WORK INSTRUCTIONS:
These records contain pictures, which must be left out; copy exactly the lines from the one with "Nice tires on" up to and including the one with "Hi, good morning.".

ENTRIES SHOWN:

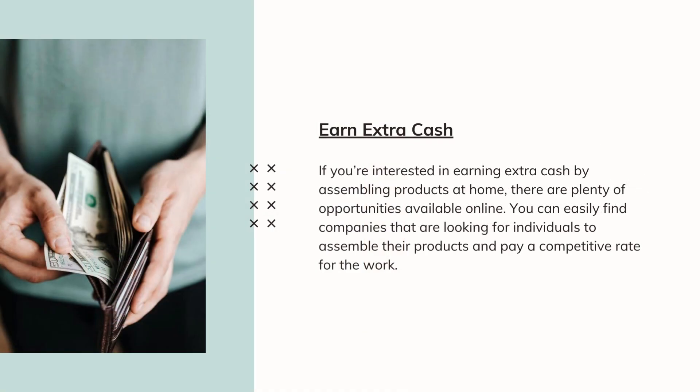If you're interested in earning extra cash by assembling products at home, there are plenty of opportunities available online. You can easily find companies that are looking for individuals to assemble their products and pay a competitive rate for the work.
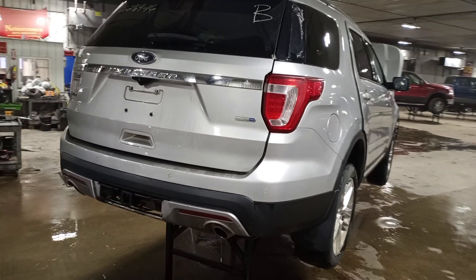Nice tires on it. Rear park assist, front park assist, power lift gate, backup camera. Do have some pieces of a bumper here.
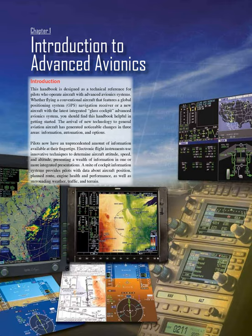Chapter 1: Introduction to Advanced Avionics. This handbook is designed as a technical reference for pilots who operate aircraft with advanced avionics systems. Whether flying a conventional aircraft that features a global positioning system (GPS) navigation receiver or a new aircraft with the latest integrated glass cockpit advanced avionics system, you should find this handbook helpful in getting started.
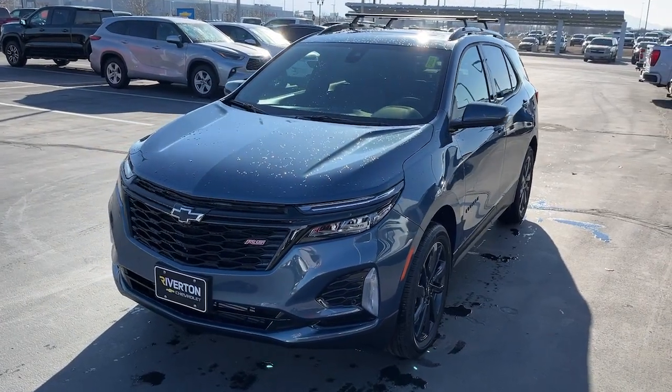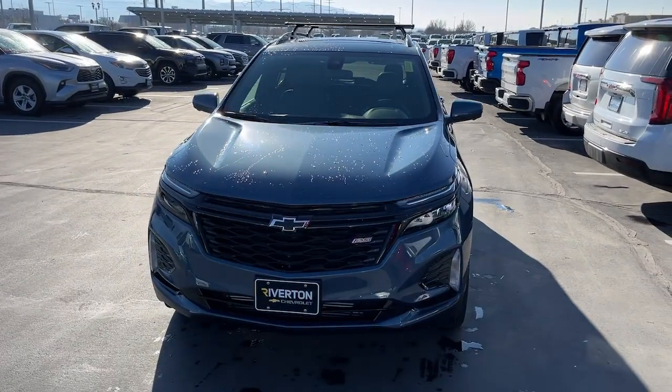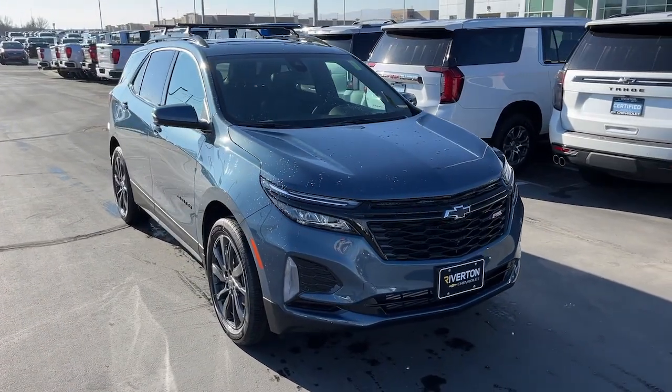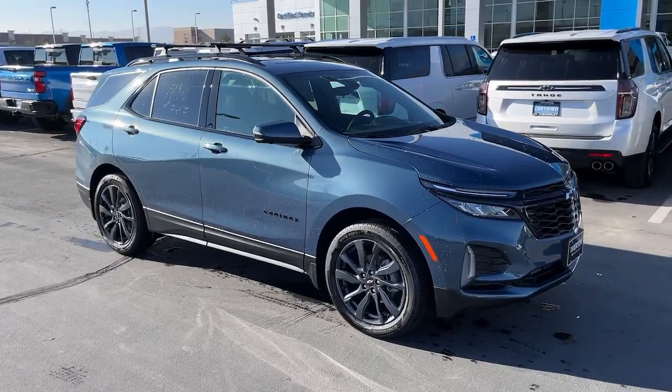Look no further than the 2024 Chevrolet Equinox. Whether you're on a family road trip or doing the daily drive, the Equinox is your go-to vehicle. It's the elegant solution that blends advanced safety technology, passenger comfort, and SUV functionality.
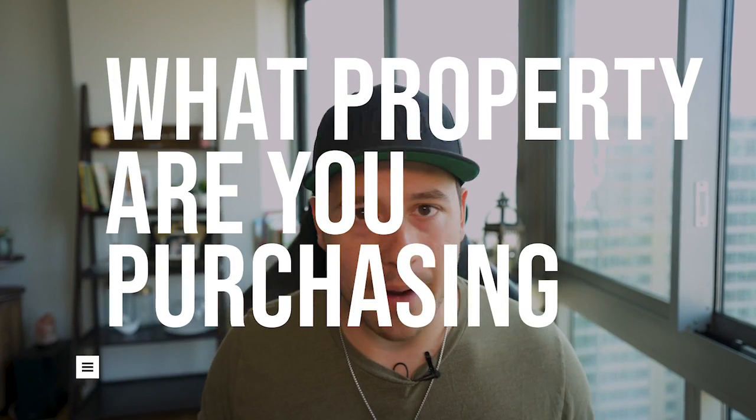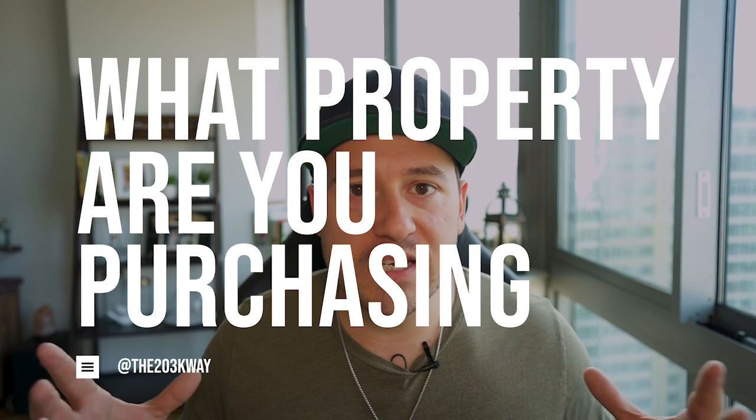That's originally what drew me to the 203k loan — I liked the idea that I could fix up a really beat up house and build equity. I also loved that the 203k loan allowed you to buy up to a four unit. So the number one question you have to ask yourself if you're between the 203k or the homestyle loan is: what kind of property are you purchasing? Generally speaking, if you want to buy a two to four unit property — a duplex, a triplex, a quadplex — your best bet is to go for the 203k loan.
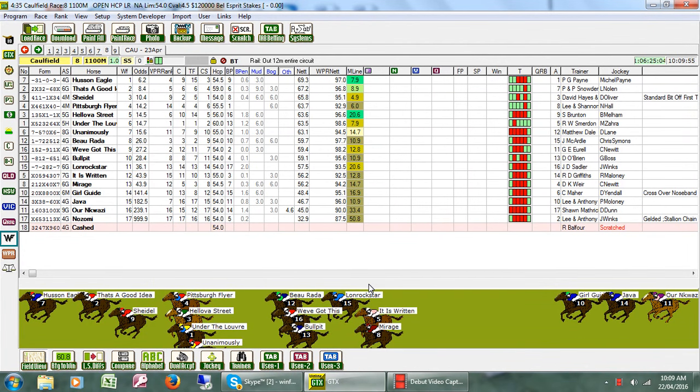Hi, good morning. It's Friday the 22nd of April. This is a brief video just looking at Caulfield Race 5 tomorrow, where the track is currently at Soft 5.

--

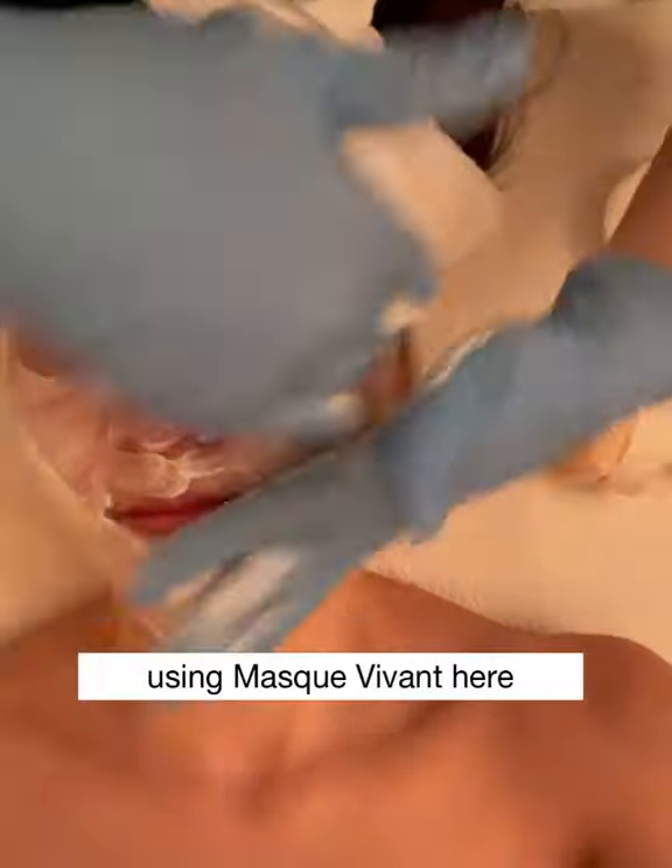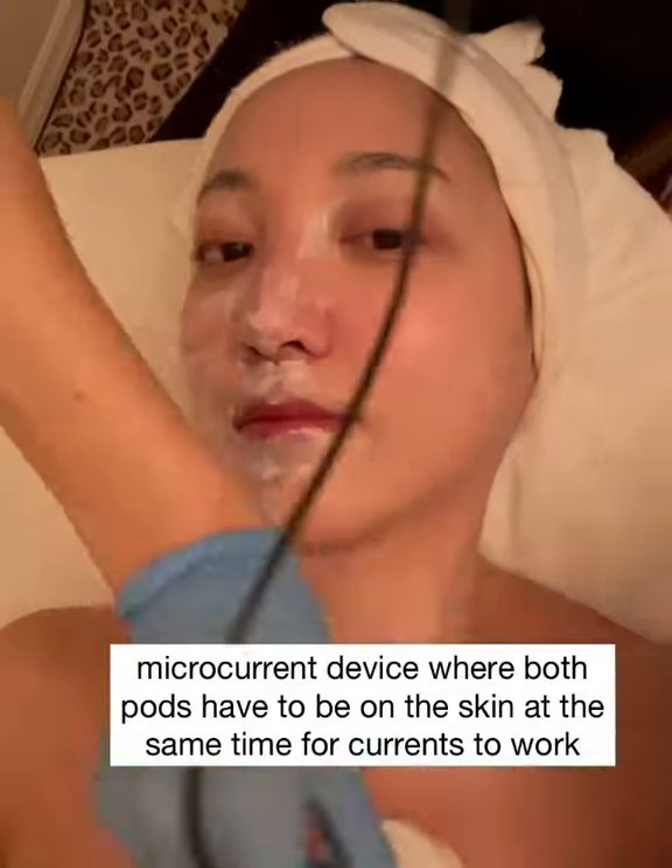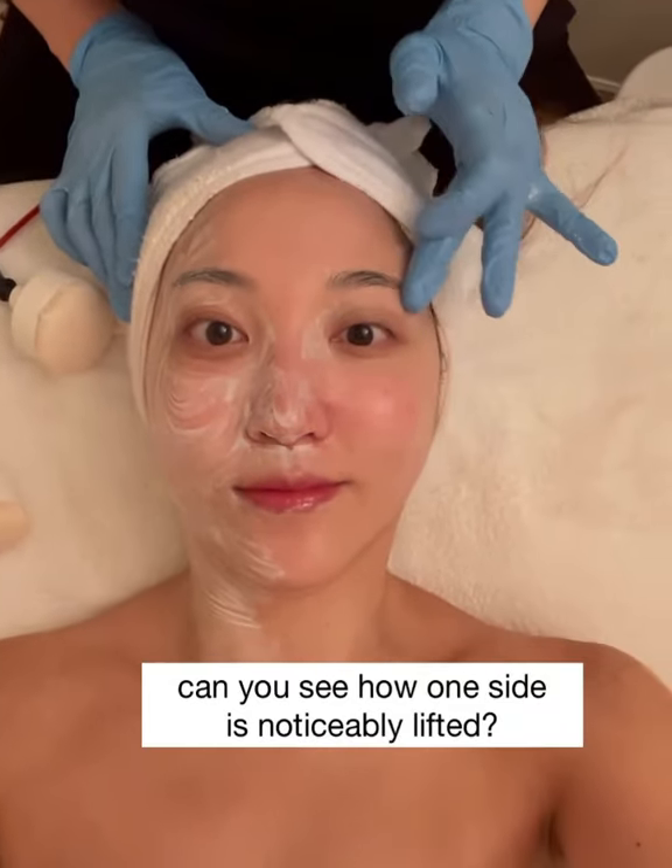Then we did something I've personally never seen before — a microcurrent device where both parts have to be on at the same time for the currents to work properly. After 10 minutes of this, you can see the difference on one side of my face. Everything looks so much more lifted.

SOLVED EXERCISE:
Nice tires on it. Rear park assist, front park assist, power lift gate, backup camera. Do have some pieces of a bumper here.
Chapter 1: Introduction to Advanced Avionics. This handbook is designed as a technical reference for pilots who operate aircraft with advanced avionics systems. Whether flying a conventional aircraft that features a global positioning system (GPS) navigation receiver or a new aircraft with the latest integrated glass cockpit advanced avionics system, you should find this handbook helpful in getting started.
Look no further than the 2024 Chevrolet Equinox. Whether you're on a family road trip or doing the daily drive, the Equinox is your go-to vehicle. It's the elegant solution that blends advanced safety technology, passenger comfort, and SUV functionality.
That's originally what drew me to the 203k loan — I liked the idea that I could fix up a really beat up house and build equity. I also loved that the 203k loan allowed you to buy up to a four unit. So the number one question you have to ask yourself if you're between the 203k or the homestyle loan is: what kind of property are you purchasing? Generally speaking, if you want to buy a two to four unit property — a duplex, a triplex, a quadplex — your best bet is to go for the 203k loan.
Hi, good morning. It's Friday the 22nd of April. This is a brief video just looking at Caulfield Race 5 tomorrow, where the track is currently at Soft 5.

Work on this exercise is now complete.